A team of European astronomers has discovered the most distant quasar ever seen. This brilliant beacon, named ULAS J1120+0641, is powered by a black hole with a mass two billion times that of the sun. The quasar is by far the brightest object yet discovered in the early universe. Results of the discovery appear in the June 30, 2011 issue of Nature.
Light from the quasar started its journey toward Earth when the universe was only six percent of its present age, a mere 770 million years after the Big Bang. Due to its extreme brightness, the quasar is of particular interest because – for the first time – it can tell us what conditions were like in the early universe.

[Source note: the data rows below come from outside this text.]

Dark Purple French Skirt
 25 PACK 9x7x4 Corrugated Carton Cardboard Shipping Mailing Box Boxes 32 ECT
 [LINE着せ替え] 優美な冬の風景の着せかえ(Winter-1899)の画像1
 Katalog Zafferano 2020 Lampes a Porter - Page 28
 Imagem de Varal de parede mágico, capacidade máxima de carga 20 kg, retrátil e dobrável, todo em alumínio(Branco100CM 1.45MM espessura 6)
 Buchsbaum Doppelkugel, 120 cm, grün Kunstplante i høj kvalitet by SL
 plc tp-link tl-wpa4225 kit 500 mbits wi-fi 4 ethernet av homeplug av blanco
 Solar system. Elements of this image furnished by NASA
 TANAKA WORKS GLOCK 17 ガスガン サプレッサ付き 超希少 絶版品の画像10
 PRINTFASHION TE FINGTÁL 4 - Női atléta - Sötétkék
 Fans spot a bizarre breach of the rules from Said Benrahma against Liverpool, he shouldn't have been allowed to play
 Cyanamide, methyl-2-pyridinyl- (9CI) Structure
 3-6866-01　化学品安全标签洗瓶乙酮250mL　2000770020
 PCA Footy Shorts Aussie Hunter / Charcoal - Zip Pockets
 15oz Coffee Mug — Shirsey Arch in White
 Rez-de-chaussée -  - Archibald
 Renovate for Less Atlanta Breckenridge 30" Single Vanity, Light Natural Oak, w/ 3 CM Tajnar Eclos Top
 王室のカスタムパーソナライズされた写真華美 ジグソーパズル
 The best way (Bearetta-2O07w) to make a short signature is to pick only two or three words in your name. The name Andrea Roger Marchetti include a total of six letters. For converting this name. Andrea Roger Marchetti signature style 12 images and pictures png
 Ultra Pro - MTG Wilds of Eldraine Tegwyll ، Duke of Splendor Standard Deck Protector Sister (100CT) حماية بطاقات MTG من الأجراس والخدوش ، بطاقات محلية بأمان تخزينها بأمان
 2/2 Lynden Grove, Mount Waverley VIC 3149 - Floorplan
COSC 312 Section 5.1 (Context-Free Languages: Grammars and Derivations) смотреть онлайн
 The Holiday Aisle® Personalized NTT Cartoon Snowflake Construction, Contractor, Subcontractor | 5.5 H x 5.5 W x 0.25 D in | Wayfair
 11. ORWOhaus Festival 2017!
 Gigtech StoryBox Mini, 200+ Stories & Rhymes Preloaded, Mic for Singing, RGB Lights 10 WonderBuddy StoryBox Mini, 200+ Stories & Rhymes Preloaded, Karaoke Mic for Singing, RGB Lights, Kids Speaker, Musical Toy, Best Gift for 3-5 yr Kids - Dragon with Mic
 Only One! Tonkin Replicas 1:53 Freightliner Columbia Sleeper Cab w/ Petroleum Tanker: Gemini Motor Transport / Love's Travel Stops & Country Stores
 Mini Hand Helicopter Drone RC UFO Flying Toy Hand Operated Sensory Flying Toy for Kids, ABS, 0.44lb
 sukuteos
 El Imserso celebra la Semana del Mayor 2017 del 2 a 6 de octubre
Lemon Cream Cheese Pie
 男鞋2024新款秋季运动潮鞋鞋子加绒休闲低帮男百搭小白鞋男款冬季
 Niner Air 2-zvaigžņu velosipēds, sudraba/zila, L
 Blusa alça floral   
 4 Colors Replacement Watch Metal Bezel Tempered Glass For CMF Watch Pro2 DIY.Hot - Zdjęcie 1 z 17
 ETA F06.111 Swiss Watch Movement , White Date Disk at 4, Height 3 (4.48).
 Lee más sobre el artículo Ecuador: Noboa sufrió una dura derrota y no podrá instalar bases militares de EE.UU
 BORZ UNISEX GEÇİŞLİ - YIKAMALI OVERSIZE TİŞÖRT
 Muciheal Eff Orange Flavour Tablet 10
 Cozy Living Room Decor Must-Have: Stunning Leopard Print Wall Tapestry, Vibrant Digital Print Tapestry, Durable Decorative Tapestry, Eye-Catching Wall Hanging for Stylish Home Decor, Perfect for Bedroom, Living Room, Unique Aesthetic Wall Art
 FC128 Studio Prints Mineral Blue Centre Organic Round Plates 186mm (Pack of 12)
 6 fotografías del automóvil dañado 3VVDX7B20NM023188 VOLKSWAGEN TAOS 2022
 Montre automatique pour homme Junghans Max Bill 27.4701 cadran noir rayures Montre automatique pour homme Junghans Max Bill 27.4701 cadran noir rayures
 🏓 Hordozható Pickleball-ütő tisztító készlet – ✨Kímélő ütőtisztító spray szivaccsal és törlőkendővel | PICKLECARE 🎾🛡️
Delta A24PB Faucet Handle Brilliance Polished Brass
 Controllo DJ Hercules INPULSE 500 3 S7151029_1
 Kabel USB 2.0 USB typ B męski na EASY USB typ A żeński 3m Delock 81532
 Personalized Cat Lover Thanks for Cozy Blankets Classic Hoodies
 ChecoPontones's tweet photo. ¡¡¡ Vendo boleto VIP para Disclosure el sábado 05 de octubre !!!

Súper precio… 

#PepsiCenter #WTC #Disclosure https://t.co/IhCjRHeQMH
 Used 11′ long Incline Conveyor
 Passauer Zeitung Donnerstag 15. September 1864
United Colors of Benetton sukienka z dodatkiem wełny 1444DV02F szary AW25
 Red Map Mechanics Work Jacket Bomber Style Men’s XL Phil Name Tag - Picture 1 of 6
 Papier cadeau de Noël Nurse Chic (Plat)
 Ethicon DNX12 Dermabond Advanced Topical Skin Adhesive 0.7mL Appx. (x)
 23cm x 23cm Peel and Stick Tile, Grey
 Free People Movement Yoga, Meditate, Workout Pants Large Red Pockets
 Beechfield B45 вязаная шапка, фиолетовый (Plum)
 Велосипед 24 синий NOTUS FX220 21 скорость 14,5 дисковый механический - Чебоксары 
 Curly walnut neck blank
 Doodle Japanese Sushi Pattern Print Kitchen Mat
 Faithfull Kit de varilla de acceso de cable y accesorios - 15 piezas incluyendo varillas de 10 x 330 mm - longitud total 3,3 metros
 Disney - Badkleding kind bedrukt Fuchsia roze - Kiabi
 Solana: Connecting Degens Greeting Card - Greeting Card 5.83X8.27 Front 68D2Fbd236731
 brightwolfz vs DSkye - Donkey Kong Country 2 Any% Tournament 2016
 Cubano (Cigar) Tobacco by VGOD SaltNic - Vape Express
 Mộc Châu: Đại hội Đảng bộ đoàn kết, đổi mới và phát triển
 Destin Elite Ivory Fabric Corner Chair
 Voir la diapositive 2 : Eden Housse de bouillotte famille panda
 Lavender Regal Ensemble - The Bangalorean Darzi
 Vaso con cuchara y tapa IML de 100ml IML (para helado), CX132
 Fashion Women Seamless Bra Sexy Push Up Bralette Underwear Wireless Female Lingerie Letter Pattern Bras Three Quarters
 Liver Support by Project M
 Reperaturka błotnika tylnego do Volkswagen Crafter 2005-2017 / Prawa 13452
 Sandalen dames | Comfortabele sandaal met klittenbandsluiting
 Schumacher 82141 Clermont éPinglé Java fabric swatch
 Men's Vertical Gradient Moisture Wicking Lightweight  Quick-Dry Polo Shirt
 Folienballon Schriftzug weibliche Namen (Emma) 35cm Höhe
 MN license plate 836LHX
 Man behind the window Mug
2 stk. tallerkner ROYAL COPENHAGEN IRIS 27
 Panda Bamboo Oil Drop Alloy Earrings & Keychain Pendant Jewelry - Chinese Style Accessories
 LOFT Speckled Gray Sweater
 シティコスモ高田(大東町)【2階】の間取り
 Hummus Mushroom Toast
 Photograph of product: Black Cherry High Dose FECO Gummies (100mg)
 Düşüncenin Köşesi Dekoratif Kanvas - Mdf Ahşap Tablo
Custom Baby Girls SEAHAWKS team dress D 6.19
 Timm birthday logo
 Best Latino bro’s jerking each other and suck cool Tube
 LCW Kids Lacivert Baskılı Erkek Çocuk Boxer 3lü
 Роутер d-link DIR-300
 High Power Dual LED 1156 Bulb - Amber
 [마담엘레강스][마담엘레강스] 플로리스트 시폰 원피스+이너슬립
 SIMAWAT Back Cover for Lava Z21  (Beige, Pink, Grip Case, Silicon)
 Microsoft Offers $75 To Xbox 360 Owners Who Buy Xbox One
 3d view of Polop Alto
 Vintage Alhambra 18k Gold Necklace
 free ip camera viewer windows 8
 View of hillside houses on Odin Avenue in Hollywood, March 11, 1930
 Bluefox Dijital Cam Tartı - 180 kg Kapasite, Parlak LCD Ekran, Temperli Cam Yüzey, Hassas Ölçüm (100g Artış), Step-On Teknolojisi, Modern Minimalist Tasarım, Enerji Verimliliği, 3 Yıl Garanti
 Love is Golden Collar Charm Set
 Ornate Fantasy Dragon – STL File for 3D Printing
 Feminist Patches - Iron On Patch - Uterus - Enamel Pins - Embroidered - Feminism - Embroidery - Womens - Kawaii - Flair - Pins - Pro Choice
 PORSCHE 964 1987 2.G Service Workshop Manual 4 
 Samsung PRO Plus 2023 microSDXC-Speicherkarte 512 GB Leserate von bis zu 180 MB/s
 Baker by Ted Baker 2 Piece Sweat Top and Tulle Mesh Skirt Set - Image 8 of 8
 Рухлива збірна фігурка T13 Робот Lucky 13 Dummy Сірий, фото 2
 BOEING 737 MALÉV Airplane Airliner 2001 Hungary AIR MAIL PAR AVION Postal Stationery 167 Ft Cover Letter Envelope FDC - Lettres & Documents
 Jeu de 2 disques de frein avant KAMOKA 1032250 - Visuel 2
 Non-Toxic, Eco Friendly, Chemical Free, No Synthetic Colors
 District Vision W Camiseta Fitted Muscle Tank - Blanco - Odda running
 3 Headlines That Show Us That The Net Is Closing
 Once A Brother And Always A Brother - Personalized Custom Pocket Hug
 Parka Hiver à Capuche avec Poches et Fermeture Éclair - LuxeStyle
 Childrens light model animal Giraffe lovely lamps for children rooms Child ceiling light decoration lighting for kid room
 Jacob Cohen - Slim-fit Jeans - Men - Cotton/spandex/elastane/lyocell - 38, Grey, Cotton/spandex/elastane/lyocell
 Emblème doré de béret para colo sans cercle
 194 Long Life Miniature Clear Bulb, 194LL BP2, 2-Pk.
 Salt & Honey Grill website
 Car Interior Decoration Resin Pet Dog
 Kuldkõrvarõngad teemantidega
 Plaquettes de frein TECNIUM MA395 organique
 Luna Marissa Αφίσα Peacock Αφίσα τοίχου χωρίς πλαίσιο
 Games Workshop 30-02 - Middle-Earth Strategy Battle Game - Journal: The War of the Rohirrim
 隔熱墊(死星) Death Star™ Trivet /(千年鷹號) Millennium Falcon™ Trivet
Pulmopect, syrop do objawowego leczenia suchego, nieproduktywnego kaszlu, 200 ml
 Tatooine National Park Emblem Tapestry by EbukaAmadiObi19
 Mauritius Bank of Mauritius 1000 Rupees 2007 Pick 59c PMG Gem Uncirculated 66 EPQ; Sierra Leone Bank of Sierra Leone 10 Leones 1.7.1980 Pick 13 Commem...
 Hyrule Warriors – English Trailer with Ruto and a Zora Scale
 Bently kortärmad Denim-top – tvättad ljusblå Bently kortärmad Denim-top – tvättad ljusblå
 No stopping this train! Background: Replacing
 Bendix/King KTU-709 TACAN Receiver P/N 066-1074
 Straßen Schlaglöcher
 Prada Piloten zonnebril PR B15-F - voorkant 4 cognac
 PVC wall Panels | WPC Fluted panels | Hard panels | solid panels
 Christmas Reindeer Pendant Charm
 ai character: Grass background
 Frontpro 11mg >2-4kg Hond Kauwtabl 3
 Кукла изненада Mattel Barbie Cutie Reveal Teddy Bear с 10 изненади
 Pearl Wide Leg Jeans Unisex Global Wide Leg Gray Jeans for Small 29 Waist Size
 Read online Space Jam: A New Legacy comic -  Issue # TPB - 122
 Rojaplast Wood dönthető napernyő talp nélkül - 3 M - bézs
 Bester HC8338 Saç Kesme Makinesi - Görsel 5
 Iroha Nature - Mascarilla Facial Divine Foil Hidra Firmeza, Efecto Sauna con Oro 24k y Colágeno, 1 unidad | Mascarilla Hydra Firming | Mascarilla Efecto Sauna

The discovery was made with the United Kingdom Infrared Telescope (UKIRT) in Hawaii as part of an infrared sky survey – a search that lasted five years as astronomers hunted through millions of objects in the survey database – and was confirmed by observations made with a number of other telescopes, including the Gemini North telescope in Hawaii and the European Southern Observatory’s Very Large Telescope in Chile.
Light from distant parts of the universe is stretched out or redshifted by the expansion of the universe. This means that light which starts out at the quasar as ultraviolet and visible light arrives at Earth as infrared light. Highly redshifted objects such as ULAS J1120+0641 are much more easily found in infrared light.
The newly discovered quasar will enable scientists to measure conditions in the gas that the quasar’s light passes through on its way to us. Lead author Daniel Mortlock said:
What is particularly important about this source is how bright it is. It’s hundreds of times brighter than anything else yet discovered at such a great distance. This means that we can use it to tell us for the first time what conditions were like in the early universe.
Summary: The European UKIRT Infrared Deep Sky Survey (UKIDSS) located the most distant quasar ever seen, ULAS J1120+0641 – also the brightest object yet discovered in the early universe. At its center is a black hole with a mass two billion times that of the sun. Lead author Daniel Mortlock and his team published results of the discovery in the June 30, 2011 issue of Nature.